すると、横から桃色の薄絹をまとった精霊が、銀の急須でお茶を継ぎ足しました。
作者の中華の世界は、美しい女性がチヤホヤと世話をしてくれるようです。
「で、具体的には、どんな戦いが予想されるのでしょうか?」
私は戦国武将の様な言い回しで、少しだけ作者を現実逃避へと誘います。
「わからないわ…(-_-;)
でも、初めての推理エリアだし、うまい下手ではなく、池上を救出しての劇終であれば…とにかく、エンディングさえ、基準に合えばいいから、
今回は、ミステリーの王道パターンを使おうと思うわ。」
作者はため息をつく。
「王道パターン?」
「つまり、なろう用語のテンプレってやつ。」
「なろうテンプレ…異世界ちーと?ですか??」
「な、分けないでしょ(-_-#)
もう、わざとでしょう。」
作者はそう言って私を軽くにらんだ。が、そこには笑いがなく、少し疲れたような顔で、なんだか、変な事を言ったのを少し悔やんだ。
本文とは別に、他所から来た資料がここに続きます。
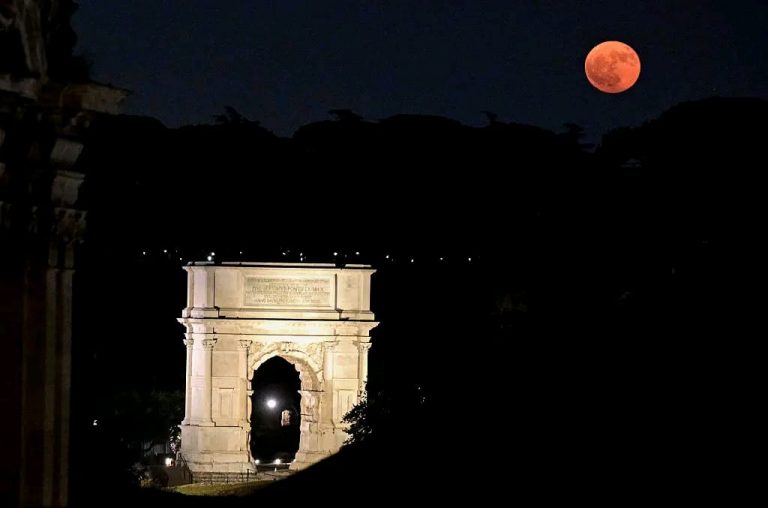 Las mejores imágenes que dejó la «luna de fresa»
「すいません。でも、ミステリーのパターンと言っても、トリックやら、何やらを何処からか借りてくるのですか? さすがに、公募に応募しているので、それは、ダメですよ…。」
私は疲れた作者が、何をしたいのか考えた。
ミステリーで一番重要なのは、やはり、トリックや謎解きです。
しかし、これを何処かの作品から拝借したら、問題です。
比較的、問題にならないのは、歴史的な事件を犯人が参考にする場合ですが、
既に5万字を越えたこの作品の、しかも、虫を使った失踪劇なんて、歴史をさらっても登場しそうにありません。
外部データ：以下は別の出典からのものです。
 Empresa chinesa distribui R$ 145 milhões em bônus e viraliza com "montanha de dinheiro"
SFミステリーは、比較的、新しいジャンルですから、なかなか著作権をクリヤーする事件を登場させるのは至難の技です。
そんな迷える私を見つめながら、作者は月餅を美味しそうに味わって、
烏龍茶を今度は上品に飲んだ。
それから、疲れた顔に、仏様の様な、達観した微笑みを微かにのせてこう言った。
「………。時影…もう、私達、そんな風に悩む時期は終わってしまったのよ。
ふふふっ(T^T)
私は、昭和の凄いテンプレを見つけたの。
もう、それを参考に書くっ!」
作者は負け戦を強引に進める将のように強く言った。
「で、そのテンプレとは?」
私は嫌な予感を胸に聞いた。
作者は少し恥ずかしそうに、そのテンプレを私に叩きつけるように言った。
「林檎殺人事件(´-ω-`)」
「林檎殺人事件…私、ヒロミ・ゴウ…ですか?」
混乱しながら私は呟く。
それでは、作者は、樹木希林…
確かに、イメージはあってる気がしますが……。